How to Become a Carpenter: Certification, Licensing & Pay

Carpenters build, install, and repair structures and fixtures made of wood and other materials — framing houses, hanging doors and cabinets, and finishing interiors. Carpentry is one of the largest construction trades, and most carpenters learn on the job or through a paid apprenticeship rather than a college degree.

Apprenticeship Path

Most carpenters train through a registered apprenticeship sponsored by a union — most commonly the United Brotherhood of Carpenters and Joiners — a trade association, or an employer. Programs typically run 3 to 4 years, requiring several thousand hours of paid on-the-job work alongside roughly 150 hours of related classroom instruction per year in framing, blueprint reading, and safety.

Certification & Licensing

Unlike electricians and plumbers, most states don't license individual carpenters — a completed apprenticeship earns a journey-level card or certificate from the sponsoring union or training program rather than a government license. Some states and cities do require a contractor's license to run a carpentry business, but that's separate from the credential an individual worker needs to do the job.
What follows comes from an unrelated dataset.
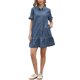 thumbnail image 2 of INSPIRE CHIC Vestido Mini de Mezclilla para Mujer con Mangas con Volantes, Botones, Cuello Casual, Vestidos de Jean con Bolsillos XS Azul, 2 of 6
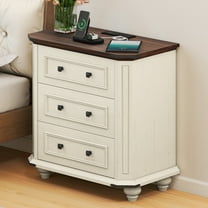 DEXTRUS Rustic Wood Nightstand with Charging Station, Bedside End Table with Drawers, White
Whether a contractor's license is required, and what it takes to get one, varies by state and locality — verify current requirements with your state's contractor licensing board before you rely on them.

Carpenter Pay

The median carpenter in the US earned $59,310 per year as of May 2024 — the middle 80% earned between $38,760 and $98,370.

Source: BLS Occupational Employment and Wage Statistics (OEWS), Carpenters (SOC 47-2031), May 2024.

Job Outlook

The BLS projects employment of carpenters to grow 4% from 2024–34, about as fast as the average for all occupations, with about 74,100 openings projected each year on average (most from workers transferring to other occupations or retiring, not net-new growth alone).